Similarly, I felt wronged when a university supervisor informed me point blank, one day, that I was on the “wrong side of History” for erring on the side of so-called Asian-style democracy, rather than agreeing with his fancifully liberal and privileged British abstractions about what a Southeast Asian utopia should look like (Whose history was I on the wrong side of? His?).

On a less subtle note, I also remember feeling mildly disturbed when a British friend once proclaimed, half tongue-in-cheek, that he could form a real friendship with me only because I was Singaporean, and therefore “just an English person with yellow skin on” (“Actually,” I told him, “I’m very yellow on the inside too.”).

As I see it, then, the logic of ‘race as fiction’ applies to some of us here at Oxford more than it does, or should do, to others. On the one hand, there is admittedly no doubt that it works well if you do count yourself as British at heart, like many of this year’s most vocal campaigners. There’s also a certain amount of truth in its foundational premise that race does not make a person — I am well aware that my ethnicity is not the sum of my personality, and I feel a little slighted whenever people assume straight off the bat that I read physics or do kung fu.

But on the other hand, it is perhaps worth asking ourselves just how far this attitude can be applied to the entirety of the international student community since, in many cases, race does signify a whole plethora of genuine cultural differences for them.

How far can you treat everyone like they are the same, before coming across as disrespectful in your refusal to acknowledge genuine points of uniqueness rooted in ethnicity, and the expression of this through performative social beliefs?
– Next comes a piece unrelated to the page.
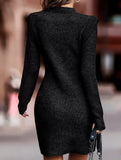 Round neck long-sleeved bodycon sweater dress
What is this ‘same’ that we’re all meant secretly to be, anyway; is it shorthand for ‘culturally British’?

And what if, horror of horrors, the very skin colour you want to brush aside turns out to be the best route to approaching someone who does not identify with your culture, and wants people to take a more active interest in his own?

In Oxford, of all places, the legitimisation of ethnocultural differences ought to be the basis from which genuine cross-cultural understanding can develop. I, for one, feel that if my skin makes me seem culturally distinct from the average British person, then it is only doing a good job of telling the truth.

I am different on the inside, and would much rather have this fact cast out into the open and be treated positively as the Other that I am, rather than as the standardised, generically British person whom people would prefer me to be.